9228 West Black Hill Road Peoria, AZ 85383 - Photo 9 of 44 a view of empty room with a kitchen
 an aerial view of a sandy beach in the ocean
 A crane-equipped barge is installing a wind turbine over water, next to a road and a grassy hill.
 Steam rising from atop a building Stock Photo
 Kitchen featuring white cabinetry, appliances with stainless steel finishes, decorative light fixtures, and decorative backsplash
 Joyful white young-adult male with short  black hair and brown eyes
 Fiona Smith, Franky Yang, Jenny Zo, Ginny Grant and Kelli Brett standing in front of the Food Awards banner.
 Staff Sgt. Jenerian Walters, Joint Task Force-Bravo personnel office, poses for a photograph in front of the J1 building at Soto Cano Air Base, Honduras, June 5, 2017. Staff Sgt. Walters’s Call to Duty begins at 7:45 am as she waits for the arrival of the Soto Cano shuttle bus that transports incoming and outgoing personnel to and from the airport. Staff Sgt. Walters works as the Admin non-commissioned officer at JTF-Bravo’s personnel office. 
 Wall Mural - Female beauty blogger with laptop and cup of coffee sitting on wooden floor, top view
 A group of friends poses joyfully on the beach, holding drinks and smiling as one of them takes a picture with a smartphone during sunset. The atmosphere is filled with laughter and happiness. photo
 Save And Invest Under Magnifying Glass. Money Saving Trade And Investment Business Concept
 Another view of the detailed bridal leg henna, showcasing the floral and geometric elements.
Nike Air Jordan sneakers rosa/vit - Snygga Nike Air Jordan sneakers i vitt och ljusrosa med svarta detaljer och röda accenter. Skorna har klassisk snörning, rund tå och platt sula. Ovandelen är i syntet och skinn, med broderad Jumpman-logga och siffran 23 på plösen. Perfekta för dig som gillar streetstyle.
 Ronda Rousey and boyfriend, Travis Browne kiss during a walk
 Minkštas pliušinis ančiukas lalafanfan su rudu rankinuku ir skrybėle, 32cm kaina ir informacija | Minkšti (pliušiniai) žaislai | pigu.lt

### Exercise aim
Return every line of the preceding records in which the word "during" appears.

### Finished task
 A group of friends poses joyfully on the beach, holding drinks and smiling as one of them takes a picture with a smartphone during sunset. The atmosphere is filled with laughter and happiness. photo
 Ronda Rousey and boyfriend, Travis Browne kiss during a walk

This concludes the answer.